The CoreDNS project was started in March 2016 by Google Site Reliability Engineer Miek Gieben. It was built as a server plugin for the web server Caddy by using a model that chains middleware and that could talk to multiple backends — including Kubernetes. CoreDNS joined the CNCF Sandbox in 2017 and became an incubating project in February 2018. Since 2017, it has completed more than two dozen releases according to John Belamaric, a senior staff software engineer at Google and a project maintainer for CoreDNS.

CoreDNS differentiates itself from other DNS servers with its flexibility and because it chains plugins. These plugins can either stand-alone or work together to perform a DNS function, which then can act as a piece of software that calls on the CoreDNS Plugin API and can communicate with backends to provide service discovery. The plugins are chained together to enable additional features.

This makes it usable for Kubernetes service discovery, authoritative DNS server, local cache for DNS-heavy applications, and additional plugins. The project now has 35 built-in plugins and 15 external plugins, a number of which are specific to Kubernetes.

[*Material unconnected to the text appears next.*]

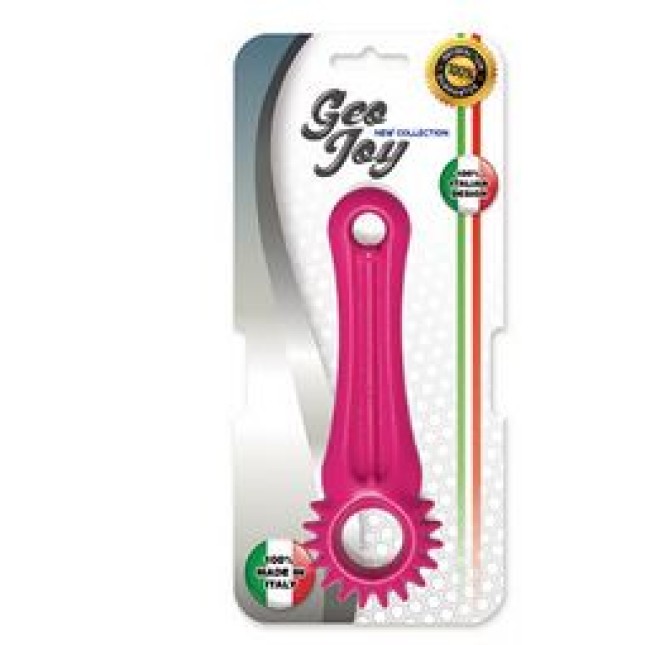 ΠΑΙΧΝΙΔΙ ΣΚΥΛΟΥ GEOTOY LONG 24x11cm ΦΟΥΞΙΑ ΠΑΙΧΝΙΔΙ ΣΚΥΛΟΥ GEOTOY LONG 24x11cm ΦΟΥΞΙΑ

In March 2018, CoreDNS was added to Kubernetes as a DNS provider in beta. And in the latest release of Kubernetes, version 1.13, CoreDNS replaced kube-dns as the default DNS server for Kubernetes.

In addition, the server can be used for cloud-native integration in hybrid-cloud environments with Amazon Web Services (AWS). This is done using AWS Route53, which is AWS’ scalable cloud DNS web service, and etcd, a distributed key-value store and another CNCF project. CoreDNS also intends to add support for Google Cloud’s DNS system soon.

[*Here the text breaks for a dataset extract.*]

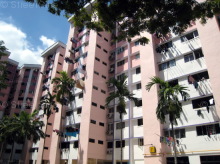 Blk 114 Bukit Purmei Road (Bukit Merah), HDB 5 Rooms #257562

While the complete Kubernetes DNS specification was “one of the most visible and important changes” during its time as an incubating project at CNCF, there were many other major features implemented, Belamaric wrote in an email to SDxCentral. These included “improved DNS-over-TLS support, more flexible query and response rewriting, query loop detection, DNS-over-gRPC support with "watch" functionality, and direct integration with cloud providers,” he said.

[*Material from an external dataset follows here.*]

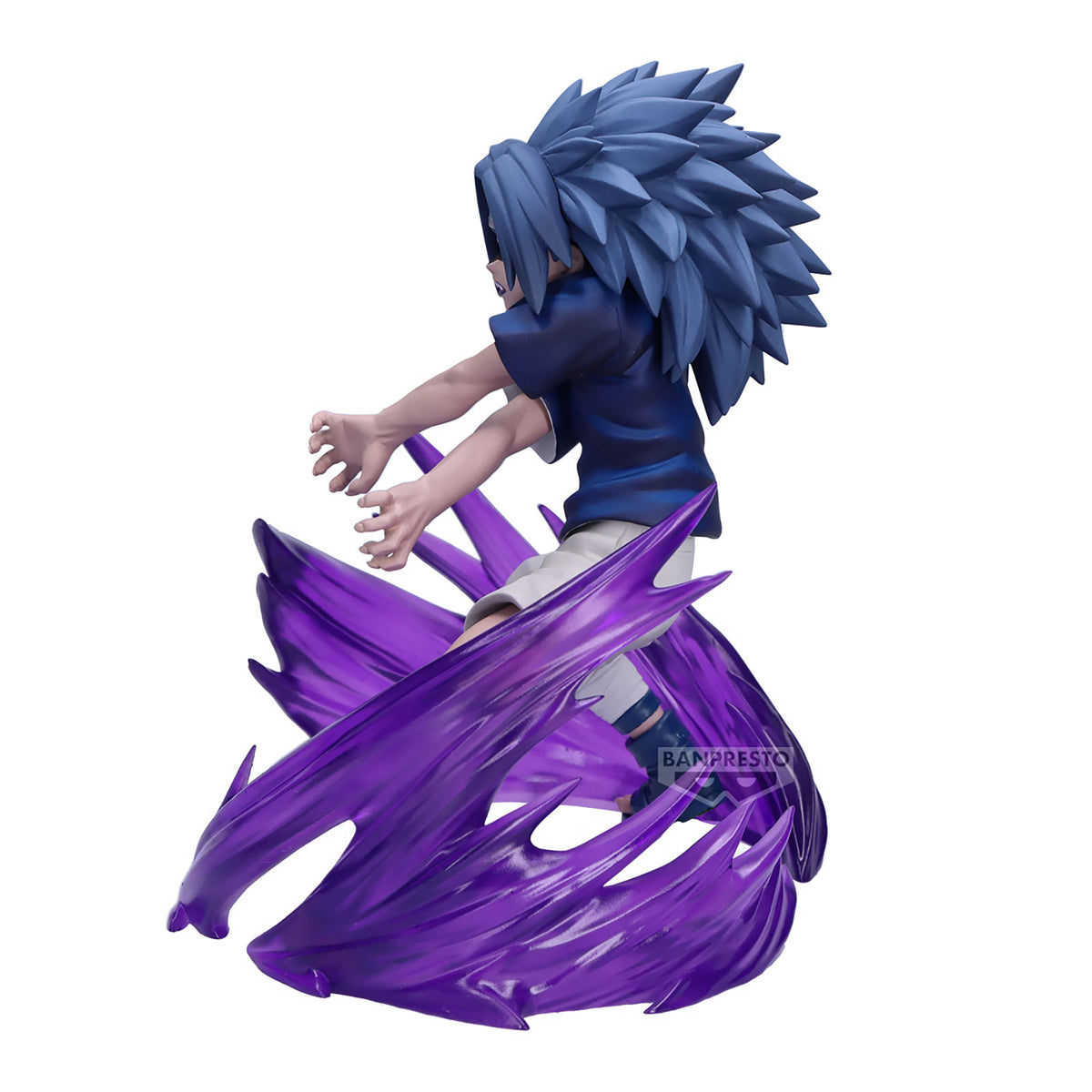 Zdjęcie produktu Naruto - Figurka Sasuke Uchiha Vibration Stars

A project is deemed fit to graduate the CNCF when it has demonstrated a thriving level of adoption and diversity, has a formal governance process, and has exhibited a strong commitment to the sustainability and inclusivity of its community.

CoreDNS currently boasts over 100 contributors and 16 active maintainers. Some of the companies using its technology in production (both in and out of Kubernetes) include Soundcloud, the Massachusetts Institute of Technology, Bost, Tradeshift, and meal kit service HelloFresh.

CoreDNS moved fairly quickly through CNCF even though it was one of the earlier projects. It took fellow graduates, Kubernetes and Prometheus more than two years and Envoy just over a year to do so.

“The health of the project and community, and a concerted community effort to address governance and process requirements, were critical to achieving the Graduated status,” wrote Belamaric. “The rapid growth in CoreDNS deployments, driven in part by the GA of CoreDNS for Kubernetes cluster DNS, also provided the production use and validation needed to graduate. The growth of CoreDNS outside of the Kubernetes use case — for example as the base of several companies' DNS services — also made it clear that CoreDNS is a separate project that has adoption in non-Kubernetes cloud native applications.”

There are currently 16 incubating projects at the CNCF.